━━━━━ Dataset records ━━━━━
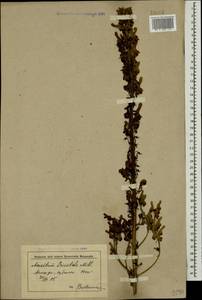 Борец восточный Mill., Кавказ, Краснодарский край и Адыгея (K1a) (Россия)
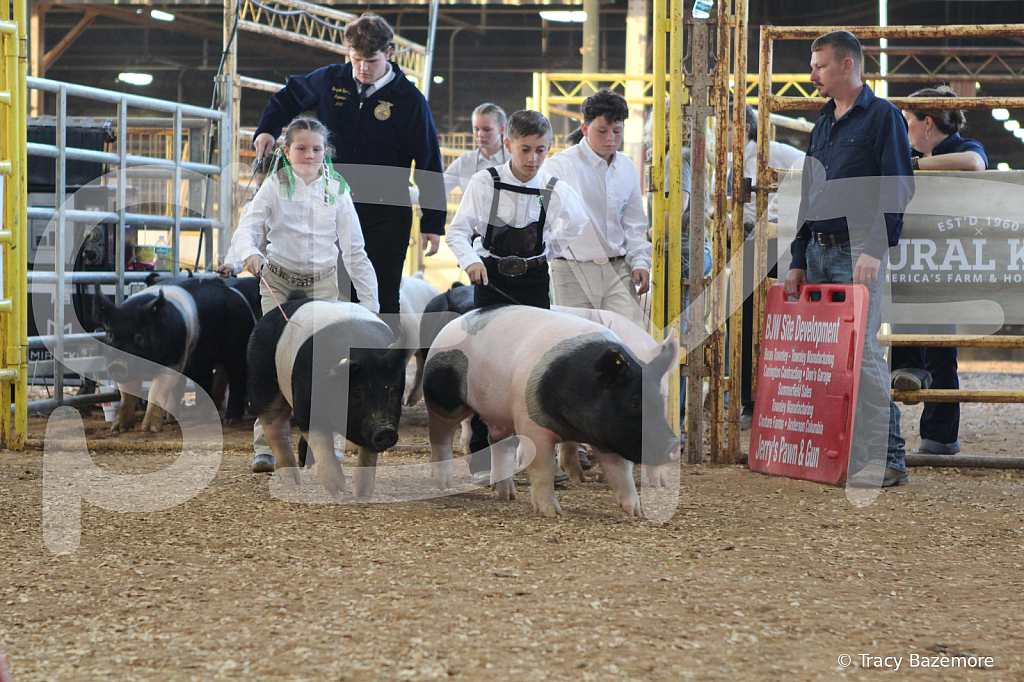 swine0124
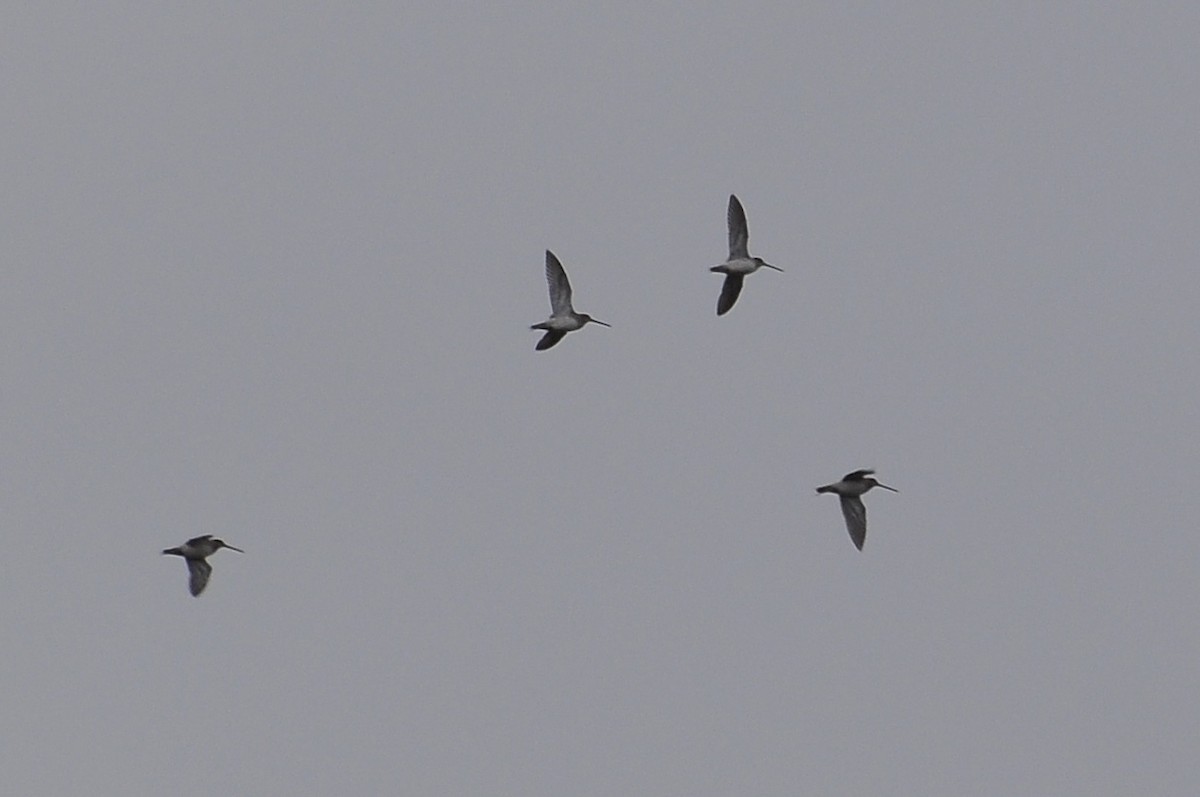 Bécassine des marais - ML647621691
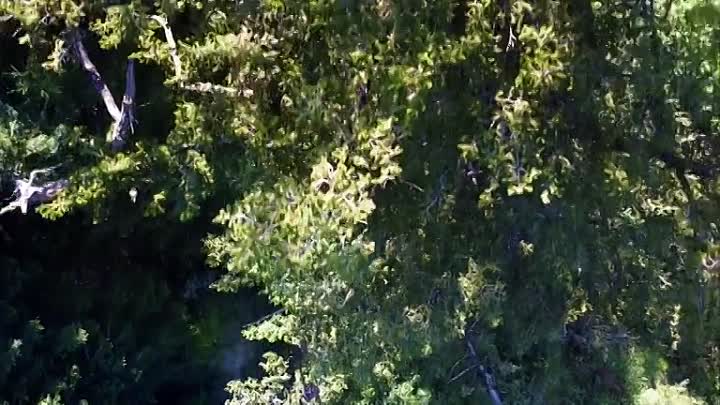 The UnBelievable with Dan Aykroyd S02E06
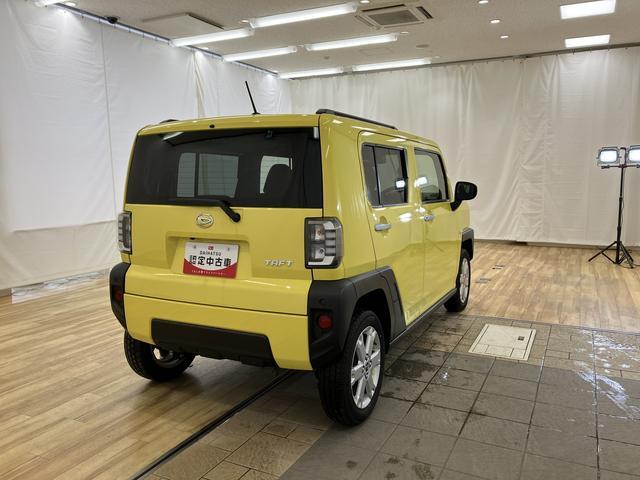 Daihatsu Taft 10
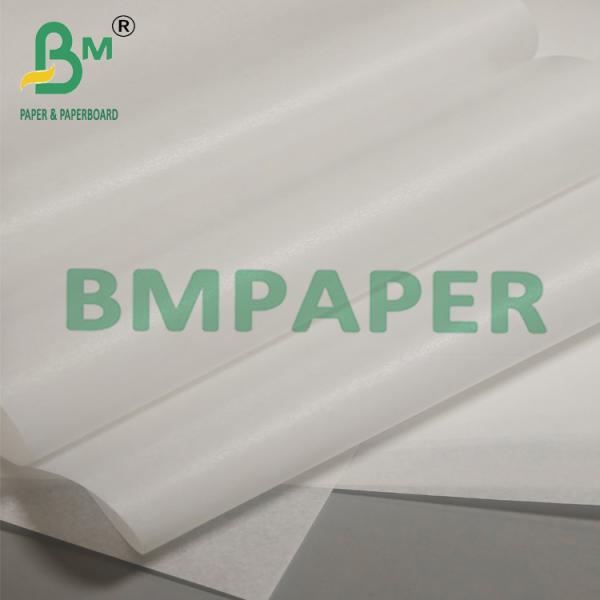 Biodegradable Waterproof Silicone Oil Baking Paper For Barbecue Biodegradable Waterproof Silicone Oil Baking Paper For Barbecue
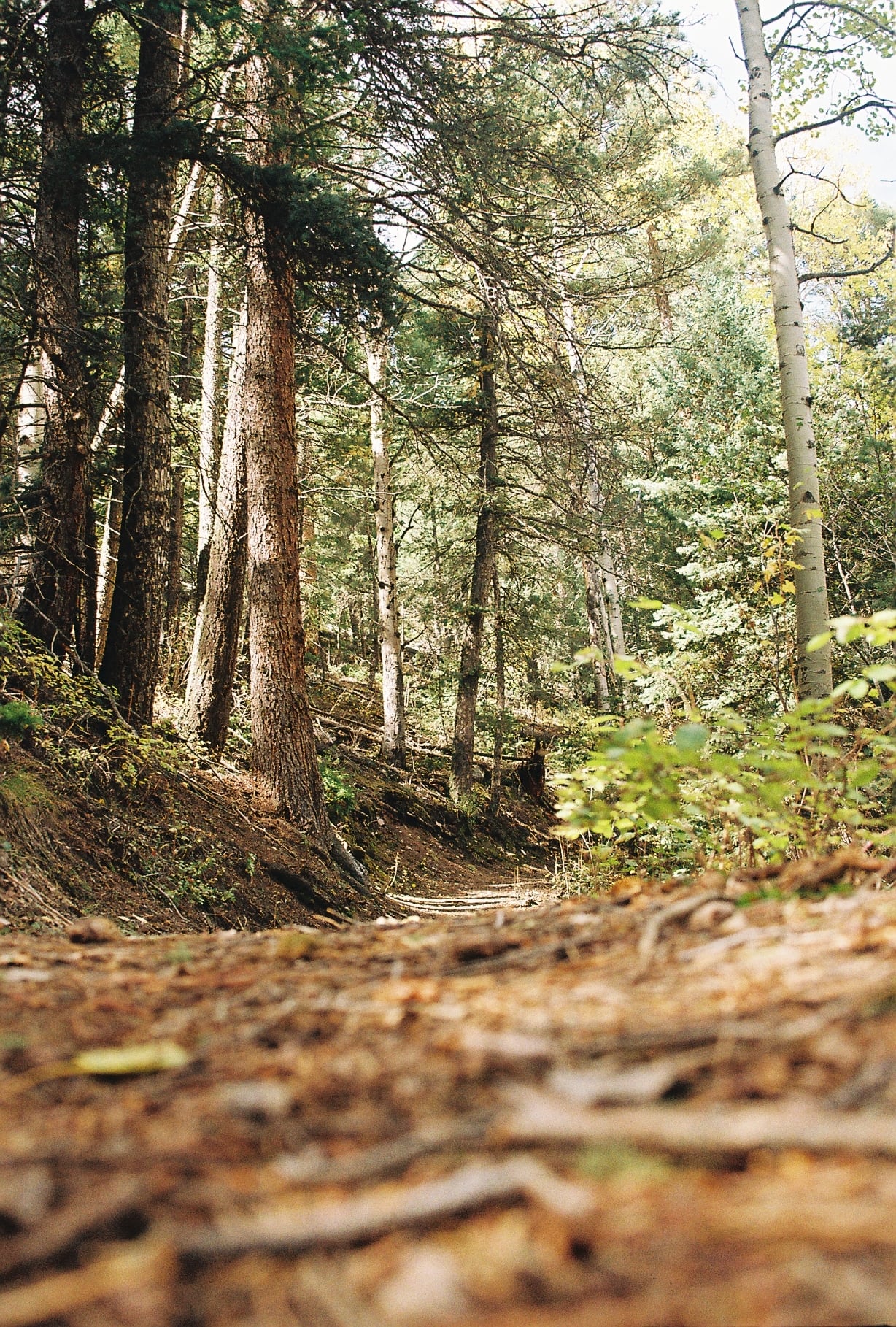 Fall_Hike_Q_Best_Photo_2025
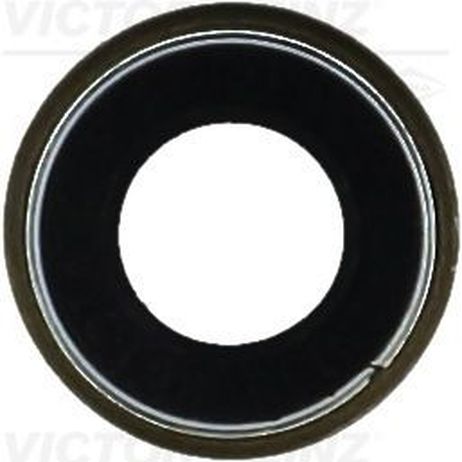 Victor Reinz 70-42546-00 Уплотнительное кольцо, стержень кла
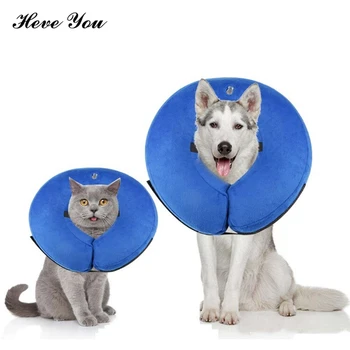 Heve You Inflatable Dog Collar for Dog Soft Recovery Collar for Pet Protective Collar Neck Wound Healing PreventPuppy Lick Wound
Heve You Inflatable Dog Collar for Dog Soft Recovery Collar for Pet Protective Collar Neck Wound Healing PreventPuppy Lick Wound
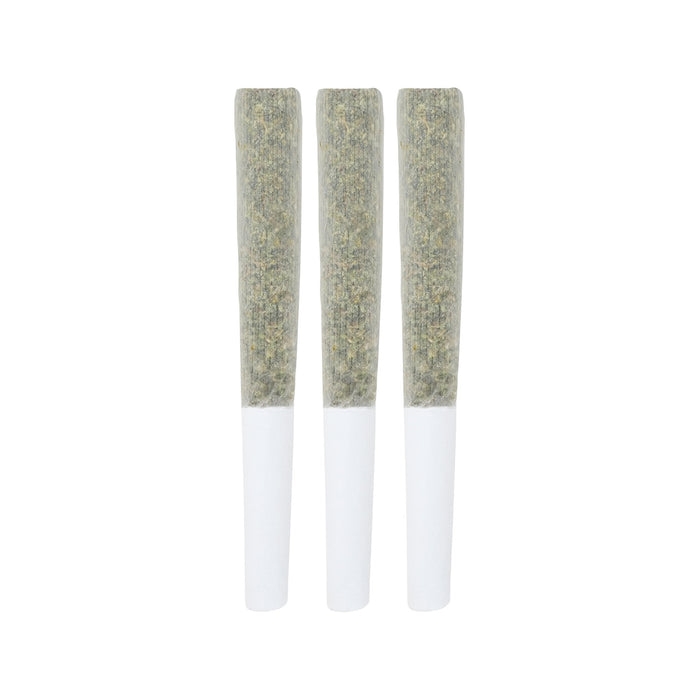 JACK TRUFFLE PRE-ROLLS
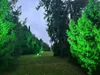 A pathway through a garden at dusk, illuminated by green LED lights. Tall trees line the path, with the grass and lower foliage glowing green. Produktbild-Vorschau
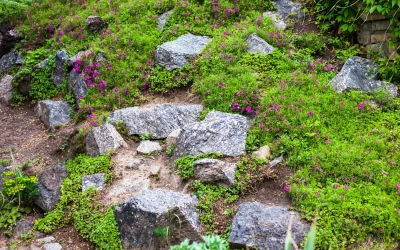 How to Stop Slope Erosion in Colorado Springs with Strategic Boulder Landscaping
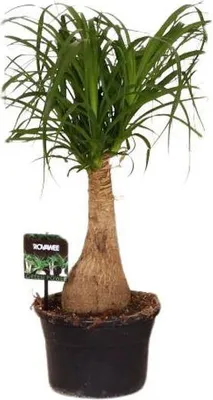 Produktbild von Elefantenfuß Beaucarnea Nolina Ø19cm 60cm pflegeleicht Zimmerpflanze Keramiktopf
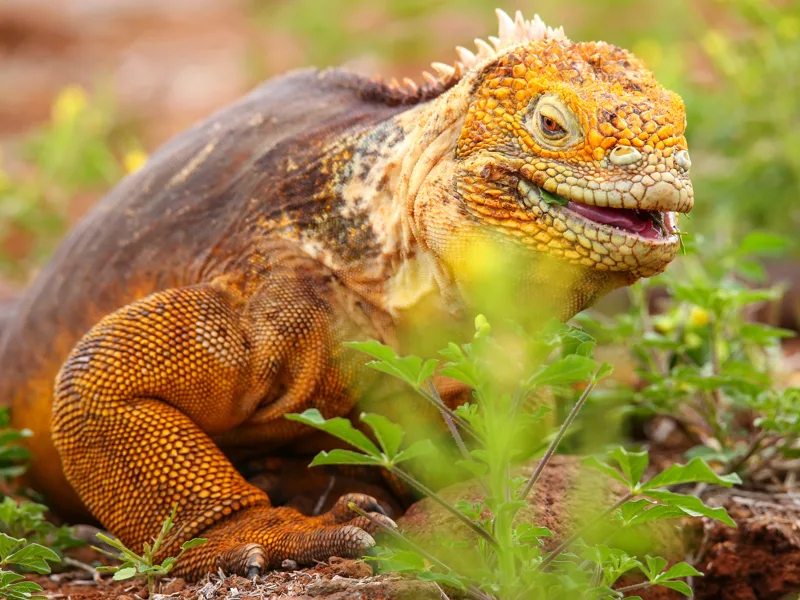 Family Ecuador & The Galapagos 2027 - 12 Days
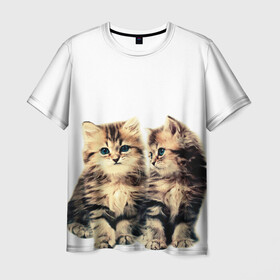 Мужская футболка 3D с принтом котята в Тюмени, 100% полиэфир | прямой крой, круглый вырез горловины, длина до линии бедер | Тематика изображения на принте: cute kittens | kittens | котята | красивые котята | милые котята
━━━━━
» Problem description:
Extract, without any images, the part of the material above that opens with the line containing "Produktbild von Elefantenfuß" and closes with the line containing "Family Ecuador &", both lines included.

» Written answer:
 Produktbild von Elefantenfuß Beaucarnea Nolina Ø19cm 60cm pflegeleicht Zimmerpflanze Keramiktopf
 Family Ecuador & The Galapagos 2027 - 12 Days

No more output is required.